Its new “integrated gas strategy,” ADNOC said, aims at “potentially transitioning [the emirate] to a net gas exporter.”

Abu Dhabi has been a net gas importer since 2008. Last year’s 5-year budget for ADNOC was about $100 billion.

OMV to sell parts of upstream business in Tunisia

OMV AG has agreed to sell its wholly owned subsidiary OMV Tunisia Upstream GMBH to a subsidiary of Panoro Energy ASA, London, for $65 million, subject to adjustments.

OMV Tunisia Upstream holds 49% interests in the Cercina-Cercina Sud, El Ain-Gremda, El Hajeb-Guebiba, and Rhemoura concessions in Tunisia and half of the shares in Thyna Petroleum Services SA Operating Co. (TPS). The remaining stakes in the concessions and in TPS continue to be held by Tunisian National Oil Co. Average production of the divested assets in 2017 was about 2,000 boe/d, net to OMV.

The agreement will be signed following an equity private placement exercise by Panoro.

OMV will continue the ongoing development of hydrocarbon resources in south Tunisia, in particular the development of the Nawara Concession, involving gas field infrastructure and a pipeline from a central processing plant in the concession to Gabes, 300 km to the north.

TAG to sell New Zealand assets, operations

TAG Oil Ltd., Vancouver, BC, along with certain subsidiaries in New Zealand, has agreed to sell substantially all its Taranaki basin assets and operations in New Zealand to Tamarind Resources Pte. Ltd., Kuala Lumpur, and certain subsidiaries.

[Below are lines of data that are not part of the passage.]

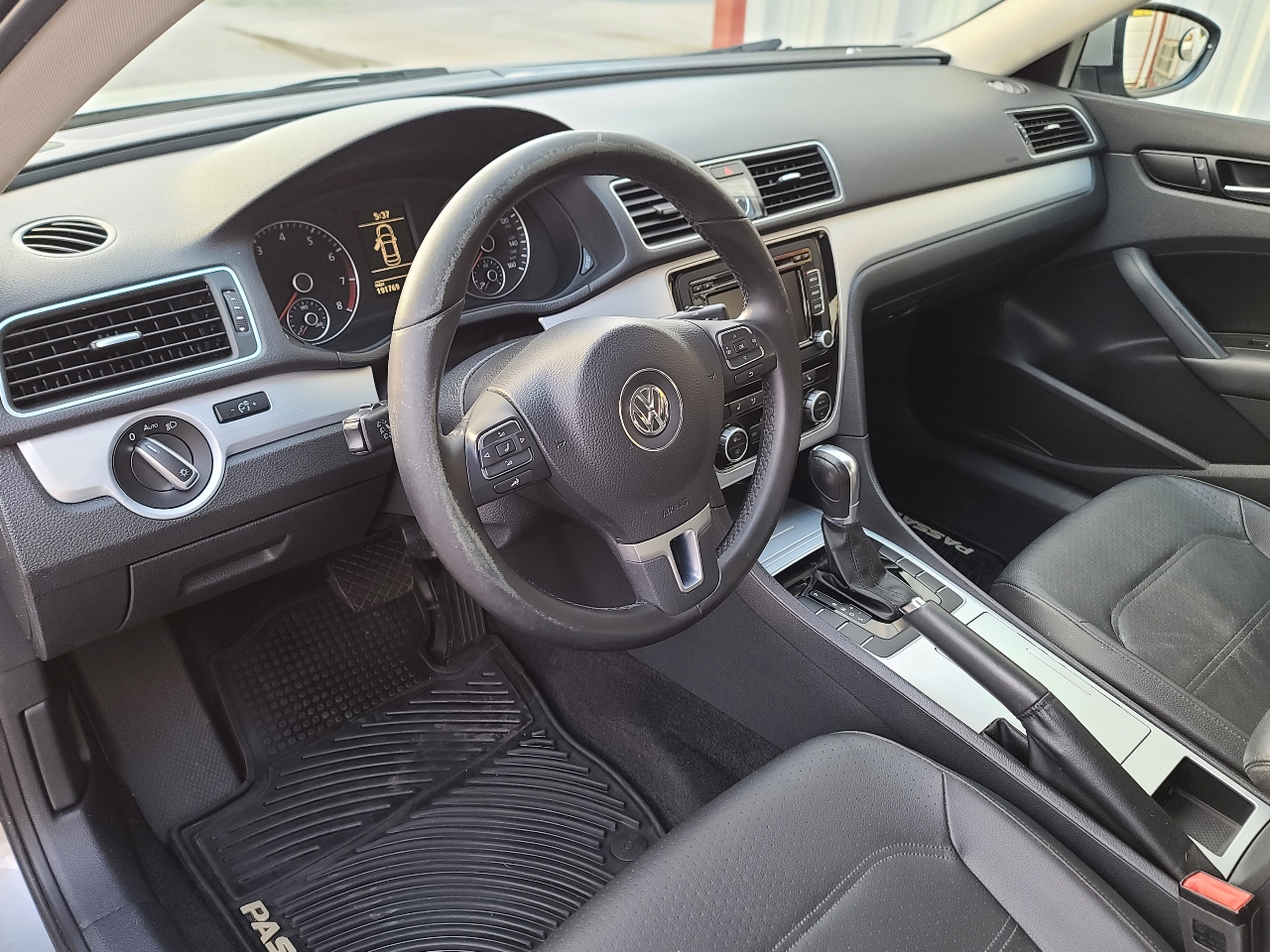 Volkswagen Passat 2.5L SE MT 2012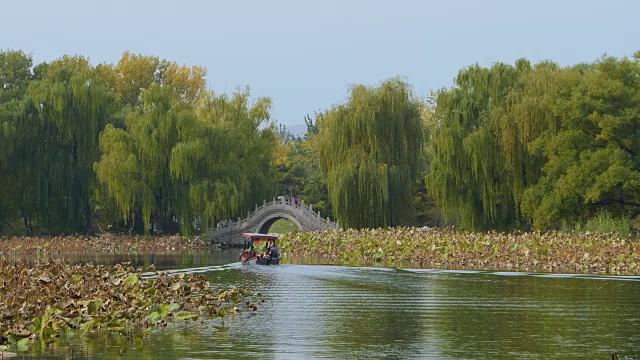 湖上的WS船和拱桥inÊOld颐和园，北京，中国视频素材
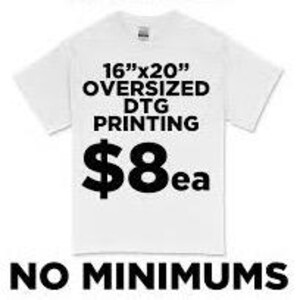 Op de afbeelding: Wit T-shirt met zwarte tekst die "16"x20" Oversized DTG Printing €8 per stuk Geen minimum" luidt.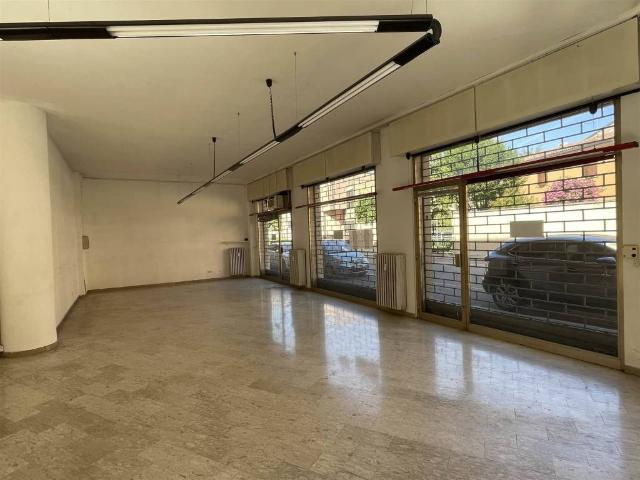 Locale Commerciale in vendita a Valletta Paiolo, San Giorgio Di Mantova
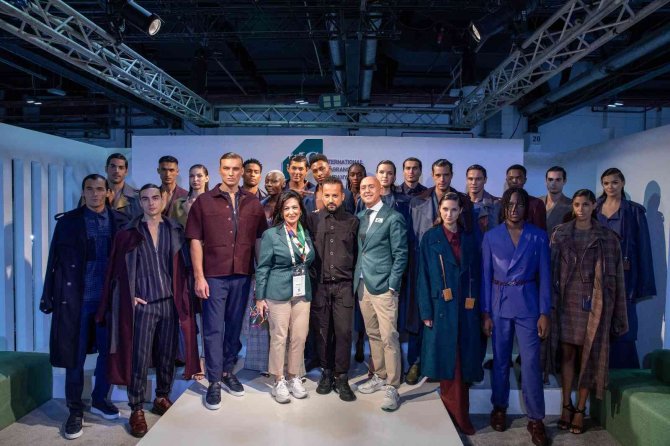 Esans Ve Moda Buluştu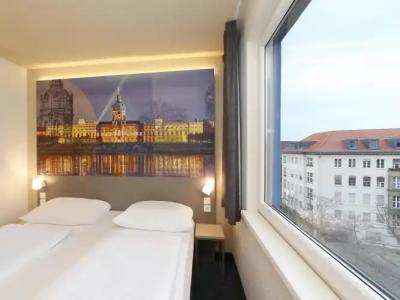 B&B Berlin City-West - 7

The sale would include TAG’s 100% working interests in PMP 38156 (Cheal and Cardiff), PMP 53803 (Sidewinder), PMP 60454 (Supplejack), PEP 51153 (Puka), PEP 57065 (Waitoriki), and TAG’s 70% interest in PMP 60291 (Cheal East) and PEP 54877 (Cheal East).

The agreement calls for TAG to receive a cash payment of $30 million at closing, a 2.5% gross overriding royalty on future production from all the sold assets, and as much as $5 million in event specific payments payable on achieving various milestones—the first being the achieved grant of PMP 60454 (Supplejack) conversion, triggering payment of $500,000 at closing.

The sale puts TAG in a better position to pursue its exploration prospects covering over 275,000 net acres in Australia, including the producing 25,000-acre petroleum mining license in the Surat basin. Completion is expected in first-quarter 2019.

Serica to further lift Keith, Bruce stakes

Serica Energy PLC, London, has entered agreements to further increase its interests in Bruce and Keith natural gas and condensate fields in the UK North Sea.

The company said it has satisfied conditions of a license from the US Office of Foreign Assets Control allowing operations to continue at nearby Rhum field despite a 50% interest subject to renewed US sanctions against Iran held by a subsidiary of National Iranian Oil Co. The license requires benefits accruing to the interest of the subsidiary, Iranian Oil Co. (UK) Ltd., to be held in escrow while sanctions are in effect.

Acquisition of the license was a condition of Serica’s November 2017 agreement to acquire BP PLC’s 50% interest in the field in a deal that also covers BP’s Bruce and Keith interests.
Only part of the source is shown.